= Foreign personal holding company =

Foreign personal holding company income (FPHCI) is defined for U.S. controlled foreign corporation rules and, with modifications, for U.S. foreign tax credit rules. It consists of interest, dividends, rents, royalties, gains on property producing FPHCI, and certain other items. Exceptions are provided for active rents and royalties, certain related party rents and royalties, same country income, and certain other items. For purposes of the foreign tax credit, an additional exception requires look-through of certain income received from a controlled foreign corporation.

==Exceptions==

Under the basic definition, there are exclusions and exceptions, which include:
- Rents and royalties derived in the active conduct of a trade or business (e.g., a car rental business). For royalties to qualify, the property must have been substantially developed by the recipient of the royalties.
- Interest and dividends received from related parties organized in the same country as the recipient.
- Rents and royalties received from related parties for use of property in the same country as the recipient is organized.
- For 2006 through 2009, interest or dividends received from any related party.
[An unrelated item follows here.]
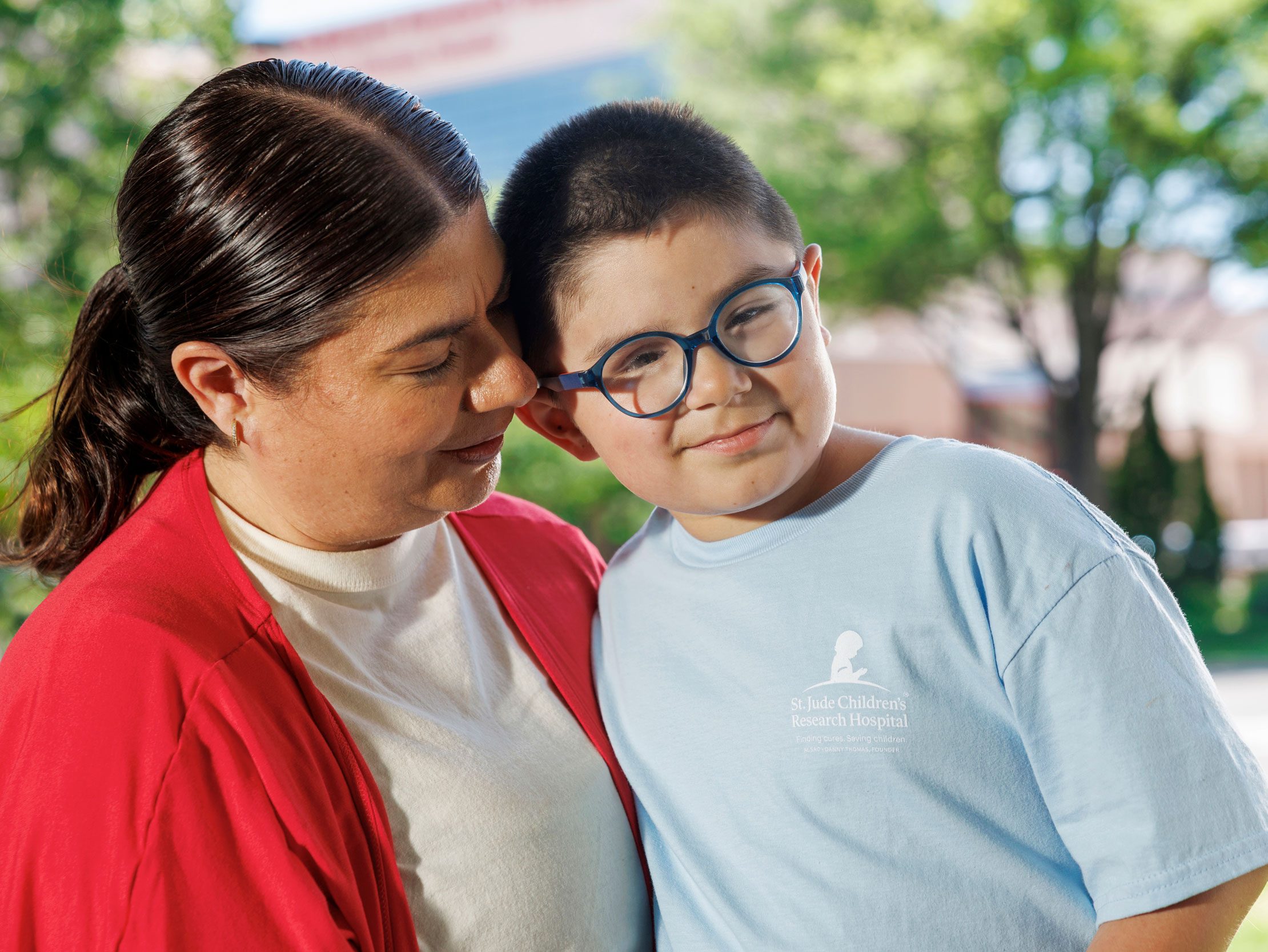 Miguel, paciente de St. Jude, con su mamá.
Generally, the related party exclusions do not apply if the item in the hands of the payor must be allocated or apportioned to Subpart F income. Thus, rents paid by CFC1 to CFC2 would be Subpart F income to CFC2 regardless of exceptions or exclusions if CFC1 would allocate the rental expense to Subpart F activities.

==Look-Through==

For Foreign Tax Credit purposes, certain types of income are re-characterized (looked-through) based on the character of the income underlying the payment. Dividends received from a 10% or more owned controlled foreign corporation (CFC) with respect to which the recipient is a U.S. shareholder (whether or not the controlling shareholder) are re-characterized based on the earnings and profits (E&P) of the payor CFC. Interest, rents and royalties received from a similar CFC are recharacterized based on the type of income to which the payor must allocate and apportion the corresponding item of expense. Thus, if a Swiss corporation that has two owners, both U.S., pays its 20% owner interest of $1,000 and under allocation and apportionment principles its interest expense must be apportioned 42% to passive and 58% to general limitation income, then the interest income of that U.S. person from the Swiss corporation is $420 passive and $580 general limitation, and only the passive income constitutes FPHCI.